After seeing “The Maid,” a hilariously neurotic Argentine dramedy about a grumpy housekeeper, he reached out to its director, Sebastian Silva. The two wound up collaborating on two movies. When the first, “Magic Magic,” about a woman’s (Juno Temple) descent into madness, ran into budget problems, they ran off to make the tiny “Crystal Fairy” in twelve days. There wasn’t a script, but there was a treatment. Everything was planned but the dialogue, which Silva would sometimes feed his actors — also including Gaby Hoffmann, as the titular hippie — before takes.
Cera briefly played an abrasive cokehead version of himself in “This is the End,” but “Crystal Fairy” finds Cera as a jerk at feature length. “He’s pretty self-serving,” he explains. “He’s incapable of putting himself in other people’s shoes. He’s so stuck in his head and his own agenda. In terms of playing him, though, it’s so much fun. You’ll pretend to be nice to someone when you’re just manipulating them, or just be outright rude to them.”
That’s a different persona for him, and a different way of working. “We’d just run the camera and film the scene, so you could really immerse yourself in that feeling,” Cera says.

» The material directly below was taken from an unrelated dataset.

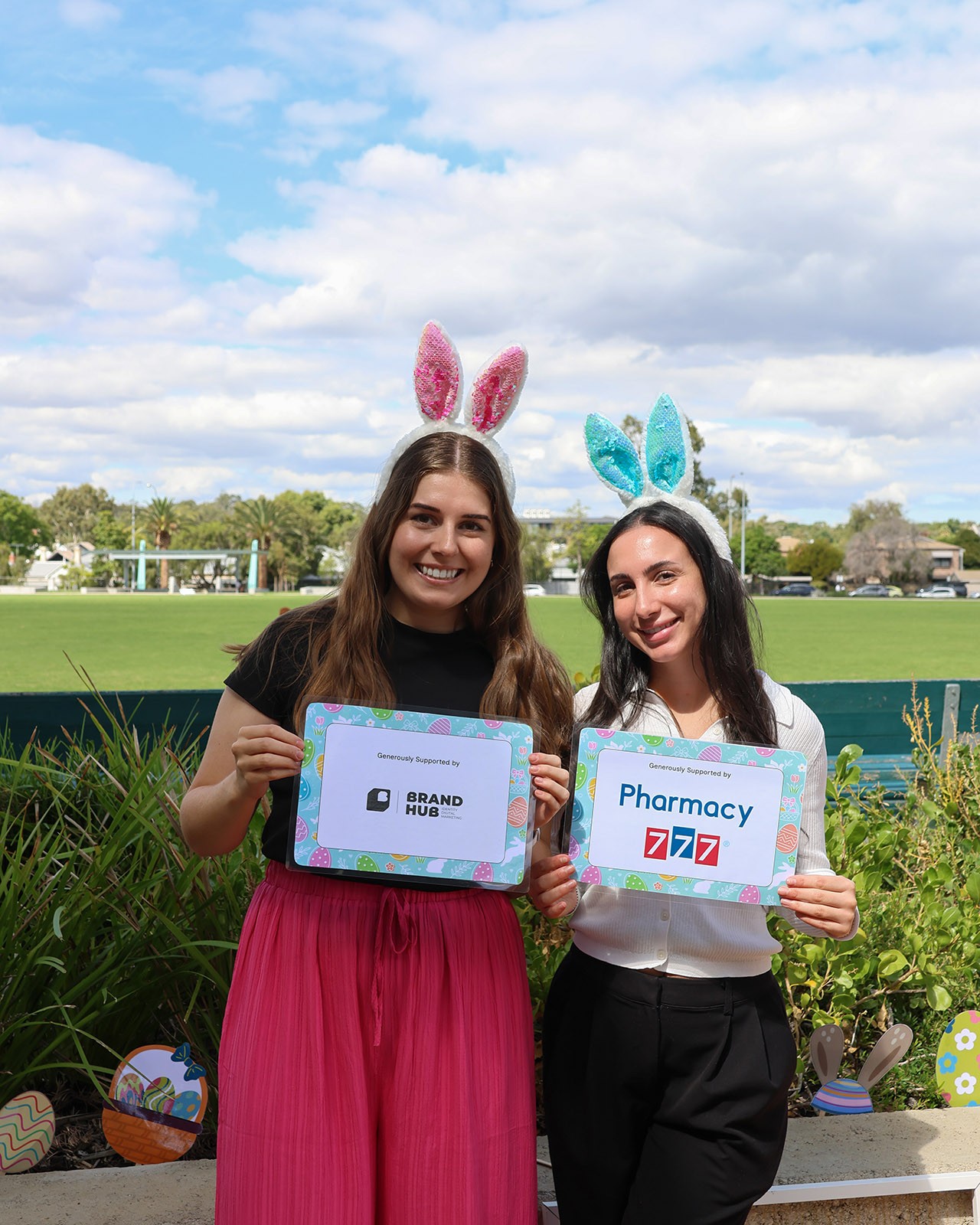 A few photos from our Easter get together in Perth last week!
Thank you to Perth's Manager Lisa, and Coordinators for organising the event, and to our sponsors, @pharmacy777 and The Brand Hub for your generous contributions.
See someone you know? Give them a tag!
#NDISAustralia #DisabilityWA #AlliedHealth #SupportWork #SupportWorkers #ServiceCoordination #NDISPlans #SpeechPathology #SpeechTherapy #NDIS #OccupationalTherapy #OccupationalTherapists #PBS #PositiveBehaviourSupport #EnableWA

Director Sebastian Silva on Cera:
“I really like the way Michael looks. I’m really into how people look. His is such a versatile face. I feel it could be anything. I don’t think I could ever work with, like, Ryan Gosling. Not that I don’t like his acting, but I’m not intrigued by his looks. In “Harold and Maude,” you’re never going to forget their faces. There’s something about features I think is really important. Gaby has a very specific face. Natalie Portman looks like — what does she look like? Like nothing. I mean, imagine Michael at 45! It’s so amazing. What is he going to look like?”